Number 3 (’88 244GL). Heater core replacement. One of the traditional "favorites." A lot of work, to be sure, but at least you're warm and dry. I used a variation of the "chainsaw method" wherein I cut off the top of the heater box to remove the core, and then bonded the box back together. If I had split the housing as Volvo intended, this job may have risen to the top of my list.

Number 2. Rack replacement (’90 244DL). The lower steering u-joint is TOUGH to remove, it’s difficult to keep dirt out of the hose fittings, and it is easy to get the steering wheel out of alignment. The difficulty of this particular job was exacerbated by the fact that I had to lie in mid-winter mud to remove the donor rack from my parts car. I got the steering wheel aligned properly, but 360 deg too far ccw.
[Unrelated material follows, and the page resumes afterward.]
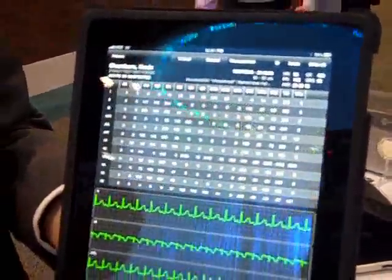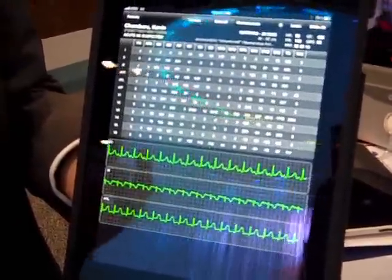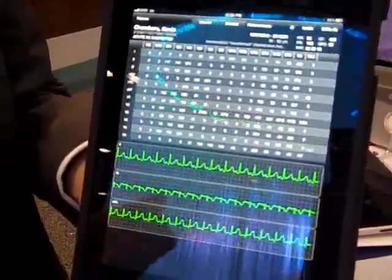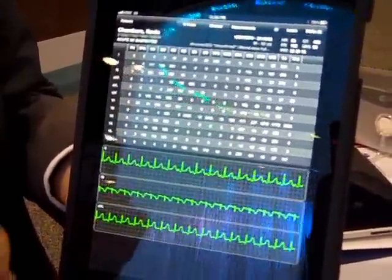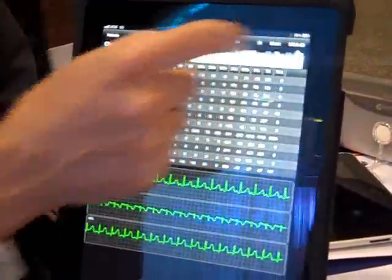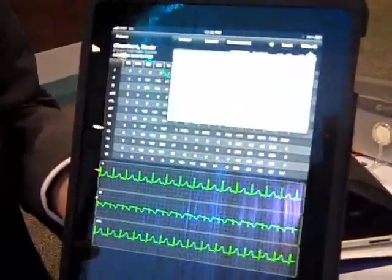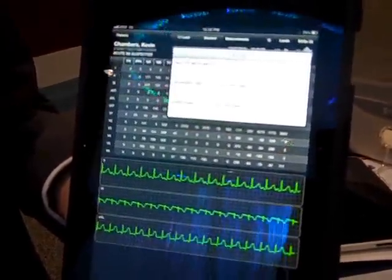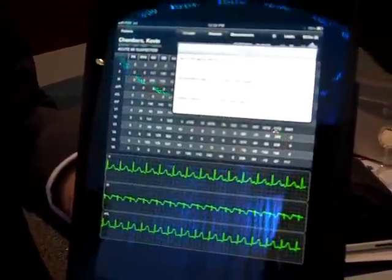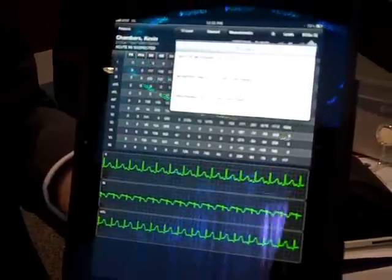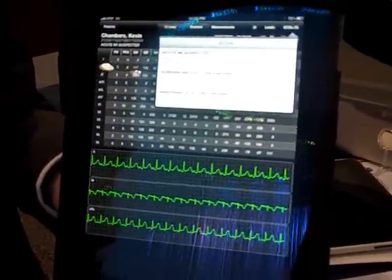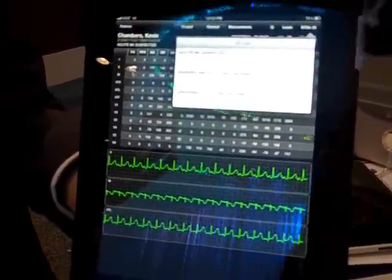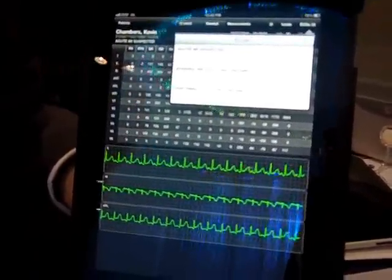Drilling down further, I can get all the numerical information behind these waveforms, as well as pull up historical information on any of the ECGs I might have on file on this patient. I can do a comparison of a particular lead or the entire ECG today versus yesterday versus a week ago versus a year ago.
The horn slip ring would have prevented the wheels from fully rotating in a left turn. Rather than disassembling the u-joint again, I chose to pull the steering wheel and “center” the slip ring manually. Believe it or not, the wheels seem PERFECTLY aligned (I count threads on the tie rods and install to within +/- 1/4 turn). Oh, and before I forget, the job was like a mini tranny KD cable replacement – lots of automatic transmission fluid. The old rack was leaking from both ends and didn’t stop until it was off the car.

And my Number 1 worst Volvo 240 series repair has been (drum roll please):

Automatic transmission change (’90 244DL). Dangerous (jacked high on both sides), physically demanding, dirty. It was extremely difficult to remove cooling lines at tranny. Getting those bolts at the top of the bell housing requires a GREAT 6 pt 18mm socket with a universal joint and a long (18 in or so) extension. There is a lot of preliminary work (dropping the crossmember and driveshaft, disconnecting the KD cable, OD solenoid wire and shifter linkage). Even so, I am proof that it's a one man job (I had a tranny jack). That d**n AW70 is HEAVY. I strained my back dead-lifting one from the floor! Still, doing this job saves a TON of money, and the satisfaction index is off the scale!

I did every one of these jobs with the help of BBoard members. Thanks you all!

I am sure your list differs, and that mine will evolve as my sons invent new, creative ways of stress-testing bricks!